GW4 academics research impact of Brexit on regional businessesMarch 18, 2019
With ongoing political uncertainty around Brexit, businesses are calling for stability but what will the UK leaving the EU mean for businesses in Wales and the South West? One GW4 research community has been finding out.
The complex process of the UK’s withdrawal from the EU presents major challenges for the business communities in the South West and Wales, across various sectors from agricultural and industrial to creative and hospitality.
A collaboration between GW4 academics (Bath, Bristol, Cardiff and Exeter) and business representatives has been working to uncover regional concerns over the UK’s withdrawal from the EU and co-design a regional response to this challenge.
The GW4 research community has been awarded further GW4 funding to facilitate knowledge exchange between the region’s academic, policy and business communities. The additional funding will help to map regional needs and create a regional strategy in response to the UK’s withdrawal from the EU and future trade policy.
Dr Maria Garcia, GW4 Community Lead from the University of Bath said: “We are very pleased to be able to continue the work we started in this area. In our 2017 workshops we learnt how smaller businesses were unaware of how they could be affected by Brexit and were awaiting clear instructions as to how to prepare. Given the ongoing uncertainty as to how Brexit will be executed, it is clear there is still much more to be done.
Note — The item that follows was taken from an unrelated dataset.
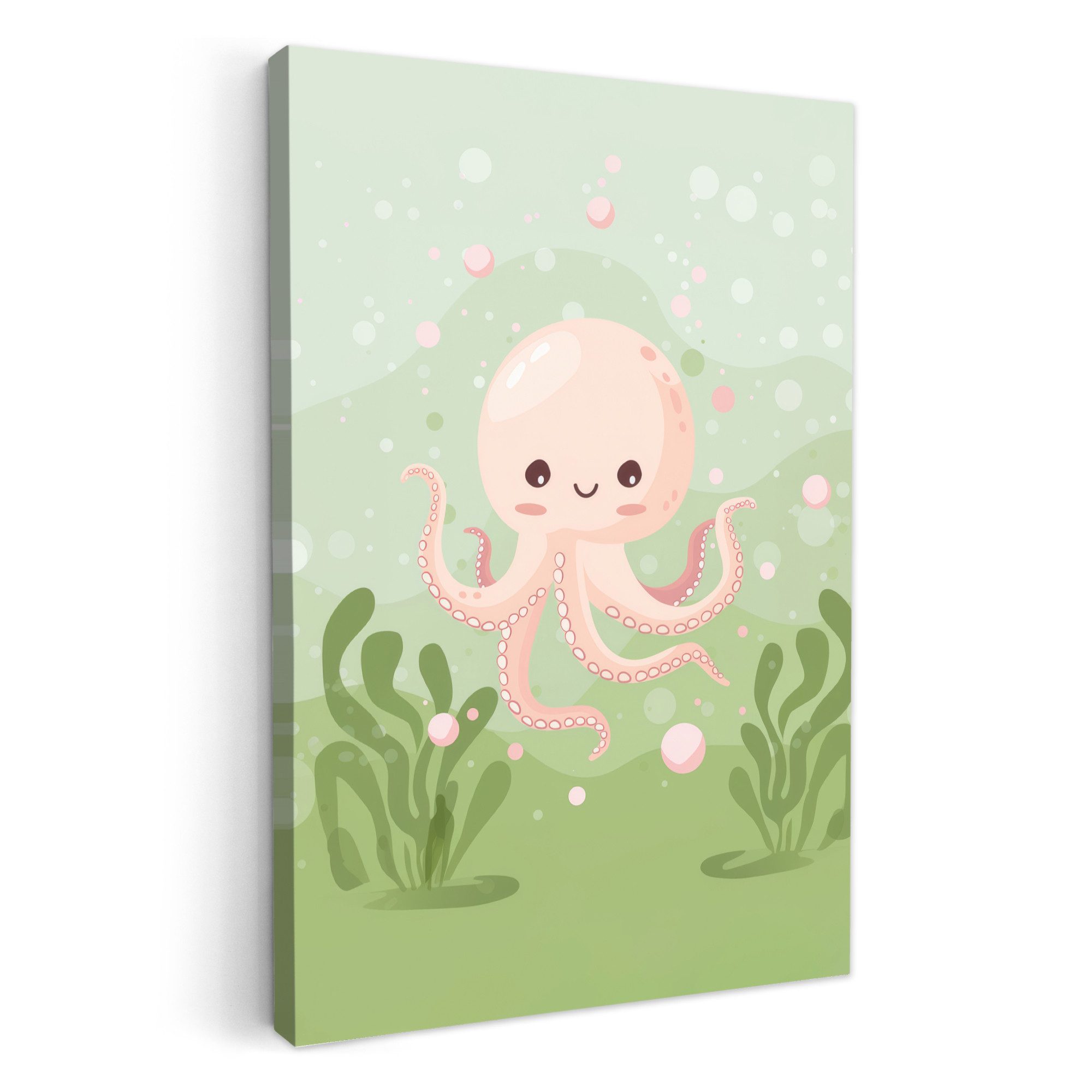 OneMillionCanvasses® Leinwandbild Oktopus - Meerestiere - günstig online kaufen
As the Brexit process moves forward, one way or another, and the UK starts to create its own trade policy and trade agreements, businesses will need to better understand how they can be impacted by those agreements. Regional authorities and representatives will have to gain a better understanding of what the region will require from trade policies and agreements.
“A number of issues to be included in the future trade agreements with the EU and other countries (e.g. agriculture, agricultural and environmental rules) lie in the hands of devolved administrations. It will also be important for other regions like the South West, to be able to articulate their interests and positions to minimise loses and maximise gains from future trade agreements. We aim to contribute to bridging the gap between businesses, policy-makers and trade policy and raise their mutual awareness of the importance of feeding into future trade policies and agreements as they have the potential to impact on regional industrial and social policies and regulations.”
Brexit presents a unique opportunity for strengthened collaboration between the diverse expertise on aspects of the process (migration, trade law, constitutional constraints, regional economic clusters) across GW4 institutions, and the region’s business community.
GW4 Initiator Funding was used to organise workshops between GW4 academics, regional business associations, businesses and regional policymakers. Discussions focused on how businesses were affected by the uncertainty around Brexit and what actions (if any) they were taking. Also, how policymakers in the regions where trying to influence the Brexit process and how they were engaging businesses and publics on the matter. A follow up workshop took place at the end of January 2019 targeting businesses again to gauge whether their attitudes and actions had changed as the realities of Brexit become clearer.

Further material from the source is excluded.